Reason Foundation has created a unique data set by collecting numbers from state- and local-audited financial reports. We recently compared all 50 states’ debt and liabilities for 2020 to 2022, the most recent year for which full data is available.
The accompanying map graphic gives you a sense of how all states look, color coded by the growth in the ratio of state total liabilities to per-capita liabilities, which better shows growth or reduction in state debt driven by state fiscal policies rather than just by changes in population.
You can immediately see that Florida looks pretty good relative to most other states. But before we dive into that, there are a few larger takeaways.
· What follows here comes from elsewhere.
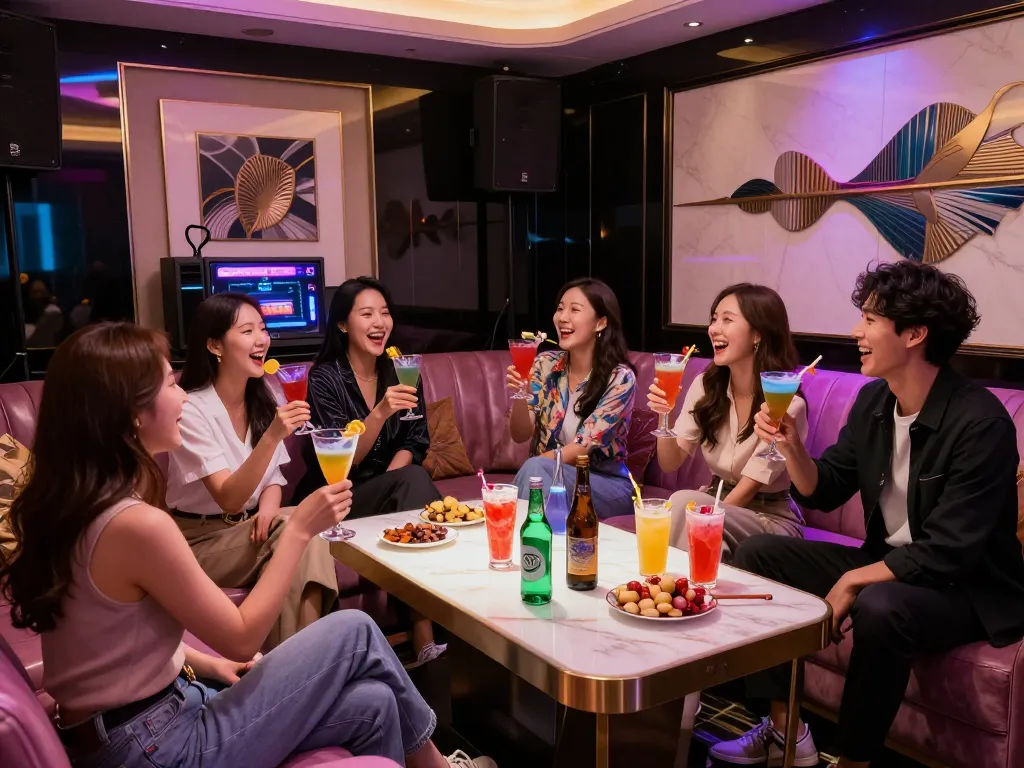 우아한 프라이빗 룸에서 친구들과 함께하는 강남가라오케의 활기찬 밤, 다채로운 음료와 노래방 설정을 즐기고 있습니다.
First, almost all states saw revenues and asset values grow during the 2020-2022 period. That helped all but one state — North Dakota — to reduce their debt ratio (the proportion of total liabilities to total assets).
Florida, during this period, reduced its liabilities substantially, with the ratio of growth in total liabilities to per capita liabilities falling more than 15%.
Total liabilities fell from nearly $73 billion in 2020 to less than $62 billion in 2022. Per capita liabilities shrank from $3,383 to $2,871. That is excellent, especially compared to other states.
Connecticut has the highest per capita liabilities at $29,607, more than 10 times that in Florida.
But at the same time, Tennessee has per capita liabilities of less than $1,500, about half that in Florida.
So, there is still room for improvement in Florida. What we need is more of what we have seen in the last few years. Gov. Ron DeSantis has aggressively pursued shrinking the state’s debts in recent years, including in most of his budgets hundreds of millions in accelerated debt reduction. That saves many tens of millions of dollars each year in interest payments.
Each budget that includes paying down debt early and avoiding adding to the debt reduces the state’s liabilities.
One of the largest and most politically volatile sources of state liabilities is employee benefits.
Florida reduced its government worker pension liabilities from $8.8 billion in 2020 to $3.5 billion in 2022 and also reduced other worker benefit liabilities from $91 billion to $7.3 billion.
Those reductions are thanks to a series of pension reforms passed early in DeSantis’ term in office and to resisting adding new debt and making full appropriate contributions to pension plans.
One caveat to this rosy picture, unfortunately, is local government debt in Florida. While the state has managed debt well, local governments have not.
According to Florida Tax Watch, Florida ranks third best in the nation on per capita debt, but local governments rank 19th from the bottom. That is not sustainable, and local governments in Florida should learn something from DeSantis’ fiscal management.